Problem to work on
Collect every line of the records below that contains the word "Crystal".

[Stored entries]
****************************************
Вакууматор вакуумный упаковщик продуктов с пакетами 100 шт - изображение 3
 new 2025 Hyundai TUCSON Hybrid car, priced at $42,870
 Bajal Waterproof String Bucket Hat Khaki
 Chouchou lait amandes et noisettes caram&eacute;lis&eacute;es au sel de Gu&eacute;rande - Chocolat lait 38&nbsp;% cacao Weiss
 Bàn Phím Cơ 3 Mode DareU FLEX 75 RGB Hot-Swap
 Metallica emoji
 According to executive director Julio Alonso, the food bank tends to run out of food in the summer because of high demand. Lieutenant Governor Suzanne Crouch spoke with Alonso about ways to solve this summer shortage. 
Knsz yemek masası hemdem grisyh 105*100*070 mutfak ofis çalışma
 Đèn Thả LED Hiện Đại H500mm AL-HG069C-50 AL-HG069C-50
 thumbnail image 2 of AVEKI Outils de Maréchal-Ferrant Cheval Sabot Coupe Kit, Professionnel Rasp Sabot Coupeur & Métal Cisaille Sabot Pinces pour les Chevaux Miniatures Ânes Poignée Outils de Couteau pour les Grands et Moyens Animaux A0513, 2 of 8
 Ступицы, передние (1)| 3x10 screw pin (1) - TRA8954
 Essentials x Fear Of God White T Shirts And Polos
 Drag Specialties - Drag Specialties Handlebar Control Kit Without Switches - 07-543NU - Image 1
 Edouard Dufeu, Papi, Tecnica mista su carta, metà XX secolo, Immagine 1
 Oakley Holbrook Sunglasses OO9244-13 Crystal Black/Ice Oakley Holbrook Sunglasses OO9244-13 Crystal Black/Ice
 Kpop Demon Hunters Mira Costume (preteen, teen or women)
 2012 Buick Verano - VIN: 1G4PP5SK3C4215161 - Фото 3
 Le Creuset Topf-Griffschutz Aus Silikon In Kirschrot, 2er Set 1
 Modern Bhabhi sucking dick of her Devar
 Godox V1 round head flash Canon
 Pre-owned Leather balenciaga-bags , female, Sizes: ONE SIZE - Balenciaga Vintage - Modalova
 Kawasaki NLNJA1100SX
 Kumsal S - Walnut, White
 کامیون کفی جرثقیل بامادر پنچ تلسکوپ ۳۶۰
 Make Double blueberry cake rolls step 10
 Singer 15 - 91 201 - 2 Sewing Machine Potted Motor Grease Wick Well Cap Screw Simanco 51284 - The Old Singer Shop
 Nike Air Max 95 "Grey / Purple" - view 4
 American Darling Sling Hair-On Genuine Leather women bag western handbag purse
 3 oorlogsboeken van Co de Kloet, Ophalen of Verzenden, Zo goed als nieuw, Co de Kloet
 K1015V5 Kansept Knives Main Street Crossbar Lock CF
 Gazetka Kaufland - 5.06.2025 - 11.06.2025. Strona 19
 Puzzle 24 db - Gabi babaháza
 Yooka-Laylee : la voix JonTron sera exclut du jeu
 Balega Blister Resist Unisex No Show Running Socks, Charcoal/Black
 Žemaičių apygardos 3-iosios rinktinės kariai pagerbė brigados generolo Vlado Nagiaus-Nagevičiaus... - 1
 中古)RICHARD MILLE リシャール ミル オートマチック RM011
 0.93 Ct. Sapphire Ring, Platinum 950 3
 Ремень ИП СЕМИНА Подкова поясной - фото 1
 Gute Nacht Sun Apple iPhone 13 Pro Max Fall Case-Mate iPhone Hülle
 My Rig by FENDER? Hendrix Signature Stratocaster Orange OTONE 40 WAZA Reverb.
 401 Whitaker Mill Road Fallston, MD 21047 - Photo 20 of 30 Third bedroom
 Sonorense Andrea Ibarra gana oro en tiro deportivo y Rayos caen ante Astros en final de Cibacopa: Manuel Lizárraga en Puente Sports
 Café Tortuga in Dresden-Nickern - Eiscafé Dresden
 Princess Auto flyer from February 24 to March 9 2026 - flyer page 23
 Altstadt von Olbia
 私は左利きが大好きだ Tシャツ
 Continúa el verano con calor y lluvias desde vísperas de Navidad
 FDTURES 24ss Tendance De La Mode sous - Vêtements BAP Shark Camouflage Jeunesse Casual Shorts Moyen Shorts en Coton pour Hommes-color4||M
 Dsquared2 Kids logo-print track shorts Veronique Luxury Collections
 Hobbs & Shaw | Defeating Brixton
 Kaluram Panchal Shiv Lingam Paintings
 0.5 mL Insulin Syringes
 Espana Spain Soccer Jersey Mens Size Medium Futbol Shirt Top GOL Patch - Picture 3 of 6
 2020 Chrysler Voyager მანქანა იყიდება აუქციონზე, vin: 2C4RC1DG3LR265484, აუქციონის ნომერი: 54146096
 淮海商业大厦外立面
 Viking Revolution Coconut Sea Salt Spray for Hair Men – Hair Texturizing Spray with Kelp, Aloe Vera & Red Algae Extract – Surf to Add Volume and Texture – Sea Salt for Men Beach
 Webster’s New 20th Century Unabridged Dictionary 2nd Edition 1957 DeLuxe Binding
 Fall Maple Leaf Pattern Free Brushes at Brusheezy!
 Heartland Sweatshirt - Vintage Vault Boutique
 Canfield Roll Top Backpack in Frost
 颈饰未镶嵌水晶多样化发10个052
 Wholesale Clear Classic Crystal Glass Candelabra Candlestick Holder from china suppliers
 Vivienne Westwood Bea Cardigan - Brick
****************************************
Exercise output
 Oakley Holbrook Sunglasses OO9244-13 Crystal Black/Ice Oakley Holbrook Sunglasses OO9244-13 Crystal Black/Ice
 Wholesale Clear Classic Crystal Glass Candelabra Candlestick Holder from china suppliers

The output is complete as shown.